There are wondrous moments, some lovely performances – especially from Mom (Sally Hawkins) and Dad (Noah Taylor) – but the collection of deadpan characters, the quirkily self-conscious style, and Oliver’s constant ironic reflections on life prevent any strong emotional attachment to proceedings. Oliver may be in love, but he looks like he’s been asked to eat a bowl of cold tripe.
The film opens with a voice-over narration from Oliver (Craig Roberts), a device signaling the film’s origins as the novel by Joe Dunthorne. Director Ayoade brings to life this unfettered access to Oliver’s mind with some very funny flashbacks – helped by the fact that Oliver imagines his life as a movie. We learn of his hopes (to win Jordana’s heartless heart) and his fears (that his parents will separate – he’s carefully charting the number of times they have sex). And when cocky magician and old flame of Mum’s moves into the neighbourhood, his fears take a turn for the worse.
Stylistically the film is a dazzling post-modern mix of early 1980’s kitsch (teenagers without mobile phones!) and French New Wave, edited briskly in places with jump cuts, stills inserts, and home movie footage. And of course there’s the ever-present theme of water.
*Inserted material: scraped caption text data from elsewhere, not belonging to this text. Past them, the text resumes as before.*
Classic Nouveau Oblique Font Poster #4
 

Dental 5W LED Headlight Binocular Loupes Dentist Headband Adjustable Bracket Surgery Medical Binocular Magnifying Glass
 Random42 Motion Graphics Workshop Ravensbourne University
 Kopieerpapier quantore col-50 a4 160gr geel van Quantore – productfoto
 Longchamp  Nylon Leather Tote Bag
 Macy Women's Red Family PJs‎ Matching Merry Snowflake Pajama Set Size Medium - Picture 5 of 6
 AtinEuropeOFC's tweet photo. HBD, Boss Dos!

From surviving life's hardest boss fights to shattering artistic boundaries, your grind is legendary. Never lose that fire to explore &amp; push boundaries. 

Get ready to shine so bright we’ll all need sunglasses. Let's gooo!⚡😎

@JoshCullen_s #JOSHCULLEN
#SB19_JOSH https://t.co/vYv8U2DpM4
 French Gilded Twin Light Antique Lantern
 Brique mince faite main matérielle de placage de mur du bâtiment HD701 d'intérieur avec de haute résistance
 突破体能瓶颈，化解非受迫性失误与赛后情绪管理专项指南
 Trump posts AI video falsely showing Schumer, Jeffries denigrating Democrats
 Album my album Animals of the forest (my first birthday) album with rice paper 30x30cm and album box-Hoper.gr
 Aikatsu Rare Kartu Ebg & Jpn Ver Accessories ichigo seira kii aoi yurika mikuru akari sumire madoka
Like Dustin Hoffman in The Graduate, Oliver’s world is fluid and unstable and he’s frequently framed through a fish tank or down at the beach. As the film’s title suggests, he imagines himself alone, underwater and operating out of sight of anyone else. It’s all plenty of fun to start with, but tires about halfway through the film, which is about that point you realize that everyone in the story is either emotional detached or emotionally constipated. The best thing to do is to sit back, relax and submerge yourself in Oliver’s witty, solipsistic, teenage world.